El derecho a quitar la vida

Hay en la eutanasia, a punto de ser legalizada en nuestro país, una promesa de emancipación y dignidad. Resulta algo paradójico. Los partidarios de la eutanasia, que han reunido una mayoría social y política, la conciben como la culminación de un largo proceso en el que el ser humano va ganando cada vez más autonomía en la realización de su vida y, ahora, en el momento de su muerte.

La promesa, sin embargo, viene condicionada por las cláusulas precautorias recogidas en el proyecto de ley. Tampoco para quienes van a votar la ley el ser humano puede abdicar sin condiciones del derecho a la vida y cederle a otro el poder sobre ella. Porque de eso se trata. Más que de liberar al enfermo, la cuestión es eximir de cualquier responsabilidad a quien va a dar la muerte a otro ser humano. (Estamos hablando de eutanasia activa, no de impedir el ensañamiento terapéutico, que es otro asunto, sobre el que hay una larga experiencia y que no necesita una ley como esta.) Con la entrada en vigor del nuevo texto, será por tanto posible romper el núcleo mismo de la sociabilidad humana, aquello que nos hace humanos. Bajo la retórica de la emancipación, queda establecido el principio de que la vida no es sagrada. Y por tanto se absuelve al victimario, declarado inocente por la sociedad tras haberlo sido por quien le habrá pedido la muerte. Alguien dirá que esta es una afirmación truculenta y excesiva. No lo es. Ni en sí misma, ni por lo que abre. Una vez dado el primer paso, se entra en un terreno resbaladizo por el que la humanidad ya transitó en los años 30 y 40, como recordó en su día el cardenal Spaemann.

Por otro lado, el gesto de solicitar la muerte no se produce en el vacío. Se dará en instituciones médicas que hacen todo lo posible por salvar vidas, pero que no están preparadas, porque no han sido pensadas para eso, para acompañar las últimas horas de un ser humano.

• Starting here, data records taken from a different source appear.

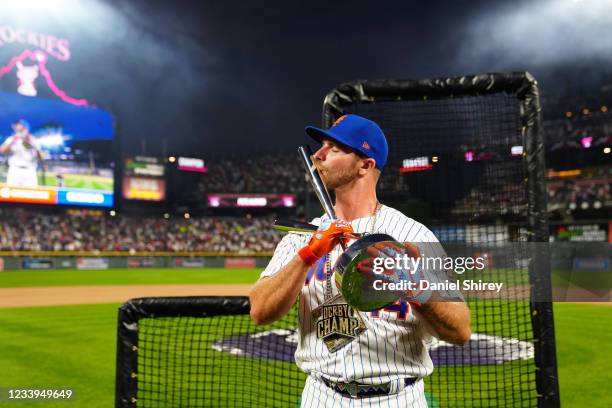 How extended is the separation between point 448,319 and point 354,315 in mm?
416

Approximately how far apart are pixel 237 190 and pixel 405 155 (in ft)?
192

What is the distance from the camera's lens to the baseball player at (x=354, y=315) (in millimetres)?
1957

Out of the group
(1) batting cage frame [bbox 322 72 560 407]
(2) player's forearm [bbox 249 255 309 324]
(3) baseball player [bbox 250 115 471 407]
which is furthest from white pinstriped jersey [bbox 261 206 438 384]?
(1) batting cage frame [bbox 322 72 560 407]

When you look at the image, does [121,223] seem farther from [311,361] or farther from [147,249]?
[311,361]

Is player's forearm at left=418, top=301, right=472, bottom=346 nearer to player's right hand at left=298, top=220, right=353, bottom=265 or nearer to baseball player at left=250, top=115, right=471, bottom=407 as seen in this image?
baseball player at left=250, top=115, right=471, bottom=407

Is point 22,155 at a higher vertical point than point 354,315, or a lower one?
higher

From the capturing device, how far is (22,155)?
37.0m

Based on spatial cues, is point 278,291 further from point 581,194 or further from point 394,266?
point 581,194

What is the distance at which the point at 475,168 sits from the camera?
12.0 ft

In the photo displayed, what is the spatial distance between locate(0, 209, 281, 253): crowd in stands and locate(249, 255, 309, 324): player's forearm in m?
38.9

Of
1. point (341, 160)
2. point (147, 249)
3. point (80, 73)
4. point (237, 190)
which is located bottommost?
point (147, 249)

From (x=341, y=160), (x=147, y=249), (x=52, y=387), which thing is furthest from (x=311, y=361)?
(x=147, y=249)

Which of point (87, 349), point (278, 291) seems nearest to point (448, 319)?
point (278, 291)

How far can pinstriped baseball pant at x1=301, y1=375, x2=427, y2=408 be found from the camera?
2100mm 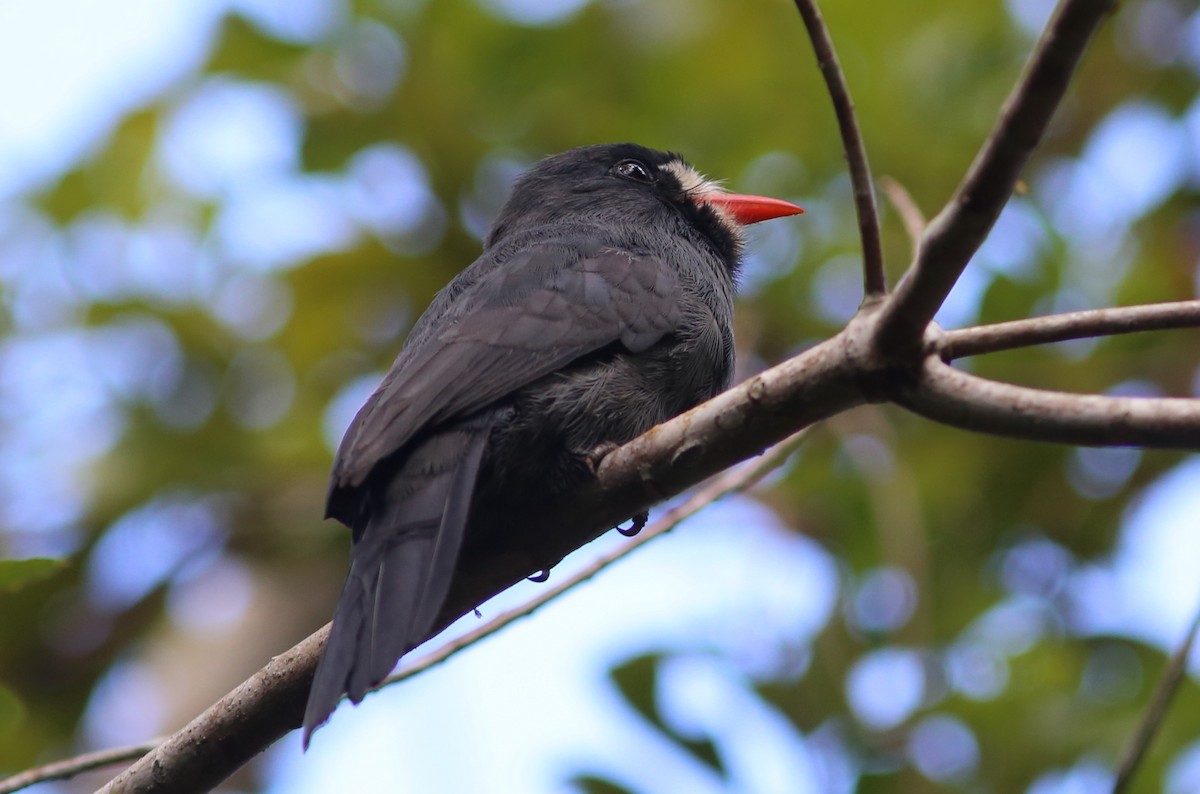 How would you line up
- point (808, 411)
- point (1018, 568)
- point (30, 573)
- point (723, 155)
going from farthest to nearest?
point (723, 155) → point (1018, 568) → point (30, 573) → point (808, 411)

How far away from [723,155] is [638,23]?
2.17 feet

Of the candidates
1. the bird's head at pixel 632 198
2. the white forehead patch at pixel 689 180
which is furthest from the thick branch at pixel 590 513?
the white forehead patch at pixel 689 180

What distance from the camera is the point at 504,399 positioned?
300 cm

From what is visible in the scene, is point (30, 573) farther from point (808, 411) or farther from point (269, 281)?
point (269, 281)

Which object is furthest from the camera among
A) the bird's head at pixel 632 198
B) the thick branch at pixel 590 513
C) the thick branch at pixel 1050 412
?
the bird's head at pixel 632 198

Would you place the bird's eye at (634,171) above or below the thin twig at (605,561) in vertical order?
above

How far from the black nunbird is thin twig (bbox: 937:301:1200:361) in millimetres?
846

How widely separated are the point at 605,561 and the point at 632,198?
1.36 m

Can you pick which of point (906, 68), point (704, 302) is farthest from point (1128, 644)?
point (906, 68)

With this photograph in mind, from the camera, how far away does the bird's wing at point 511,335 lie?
2879 millimetres

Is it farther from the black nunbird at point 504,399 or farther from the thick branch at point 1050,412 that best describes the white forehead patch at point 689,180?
the thick branch at point 1050,412

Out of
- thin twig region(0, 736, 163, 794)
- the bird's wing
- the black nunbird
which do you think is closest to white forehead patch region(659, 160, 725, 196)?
the black nunbird

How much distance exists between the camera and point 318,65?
5508 millimetres

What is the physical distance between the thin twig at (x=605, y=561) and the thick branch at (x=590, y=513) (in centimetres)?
Result: 31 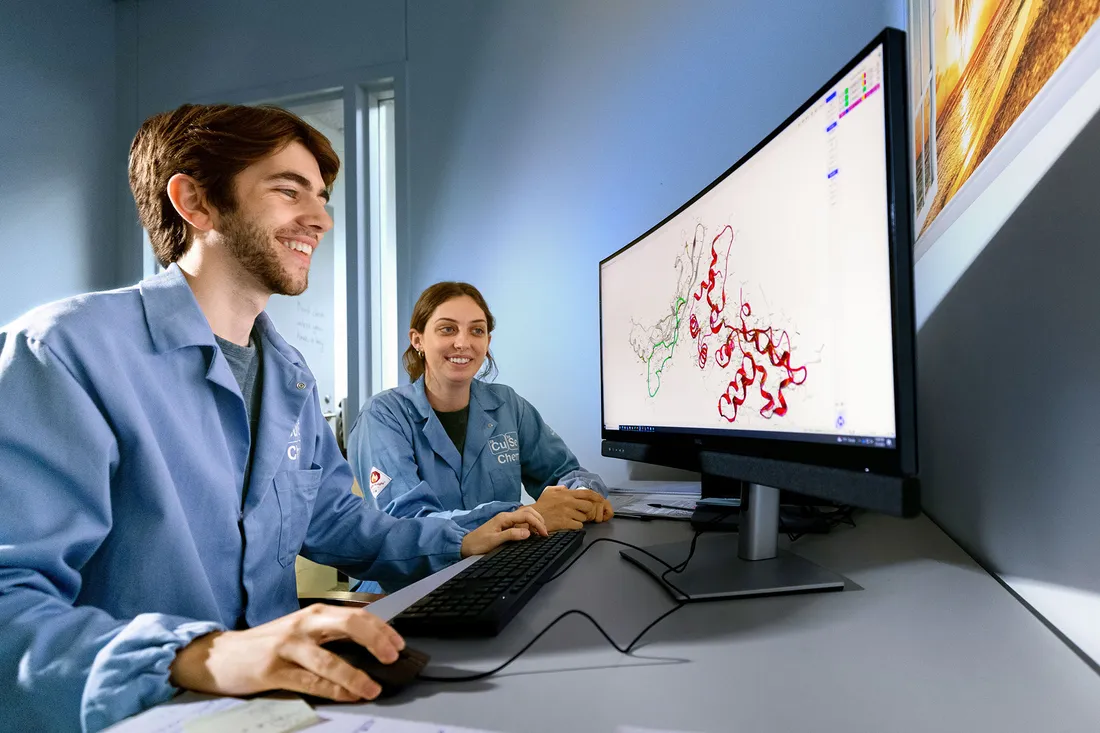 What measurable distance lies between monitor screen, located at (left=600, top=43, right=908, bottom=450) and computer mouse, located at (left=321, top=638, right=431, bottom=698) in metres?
0.41

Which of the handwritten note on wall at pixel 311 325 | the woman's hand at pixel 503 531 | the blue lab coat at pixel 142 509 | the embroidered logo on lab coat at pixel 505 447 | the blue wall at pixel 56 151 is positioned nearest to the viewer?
the blue lab coat at pixel 142 509

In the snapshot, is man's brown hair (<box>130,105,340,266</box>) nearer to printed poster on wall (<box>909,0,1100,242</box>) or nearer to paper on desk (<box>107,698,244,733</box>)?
paper on desk (<box>107,698,244,733</box>)

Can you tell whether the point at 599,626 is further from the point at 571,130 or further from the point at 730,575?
the point at 571,130

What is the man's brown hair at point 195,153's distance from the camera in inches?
41.6

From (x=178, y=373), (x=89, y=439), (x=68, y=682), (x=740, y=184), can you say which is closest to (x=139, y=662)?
(x=68, y=682)

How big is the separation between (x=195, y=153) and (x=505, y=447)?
3.76 feet

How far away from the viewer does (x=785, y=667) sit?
0.51 metres

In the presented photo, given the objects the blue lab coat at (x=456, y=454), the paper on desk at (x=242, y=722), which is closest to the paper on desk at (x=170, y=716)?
the paper on desk at (x=242, y=722)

En condiciones de escasez además, que llevarán a tener en cuenta esa “solución” entre las opciones existentes y, tal vez, empujarán a familias exhaustas, o en situaciones límite, a asumir el paso. Resulta imposible asegurar la plena libertad de un paciente sometido a tensiones de ese tipo, por no hablar de los iluminados que esperan su momento de gloria y redención.

Bajo la apariencia de emancipación y dignidad, está el fracaso: el de la familia y los amigos, el de los servicios médicos, el de toda una sociedad, incapaces de consolar, acompañar y asegurar al paciente de que su vida es lo más valioso y que va a ser tratado como se merecen los seres humanos. En su peor momento, allá por marzo y abril, el covid-19 intensificó la conciencia, ya presente antes, de que el sistema médico necesita avanzar hacia una mayor humanización, una nueva visión integral que permita comprender y tratar al paciente como un ser humano. Todavía estamos a tiempo de no olvidar nuestro deber.